I held every share. My book crossed +58% and a new high tonight. And the lesson isn't "diamond hands always win" — it's the opposite of cocky. It's: I nearly let position-size anxiety override a thesis I had no fundamental reason to abandon. That's the trade I need to learn from, even though it worked out.
The map before the positions. ● firing ● mixed/watching ● next-wave seed ● headwind.
It was a two-act week. Act one: a global memory rout, sparked by SK Hynix slowing advanced-chip output and AI-spending skepticism, dragged the whole semi complex down — Micron fell 13% Tuesday alone. Act two: Micron's print blew the skepticism apart after the bell Wednesday and dragged the sector right back up. The fear and the answer arrived in the same five days.

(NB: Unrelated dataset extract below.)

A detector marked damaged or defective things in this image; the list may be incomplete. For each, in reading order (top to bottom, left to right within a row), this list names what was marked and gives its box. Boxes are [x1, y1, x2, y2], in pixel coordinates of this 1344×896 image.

Held (barely): the full MU position through a near-sale and a 13% rout — into a blowout. Trimmed: SPCX to one share near the highs; it's since fallen 26% off its peak, so the call holds. Next: right-size MU back toward ~15% of the book once the post-earnings euphoria settles — not at the gap-up. Same discipline that trimmed it at +77%, applied at +266%.
"The chip rout said AI spending would never pay off. Two days later Micron guided to fifty billion dollars a quarter. The bears didn't get a thesis — they got a tantrum."
For 48 hours this week the narrative was that the AI trade was over: SK Hynix slowing output, hyperscaler capex with no returns, a global memory selloff. Then the largest pure-play memory company on earth posted 346% revenue growth, record 85% margins, sixteen binding multi-year contracts, and a guide that obliterated estimates by seven billion dollars. The CEO said tightness is locked in "beyond 2027."
That's the difference between a valuation wobble and a demand problem. The rout was the former dressed up as the latter. The earnings are real, the contracts are signed, the margins are at all-time highs — and a hawkish Fed doesn't change any of that, it just changes the multiple you pay for it. I'll keep saying it: I get cautious when the orders get cancelled. This week the orders got locked in for five years. The tantrum is not the thesis.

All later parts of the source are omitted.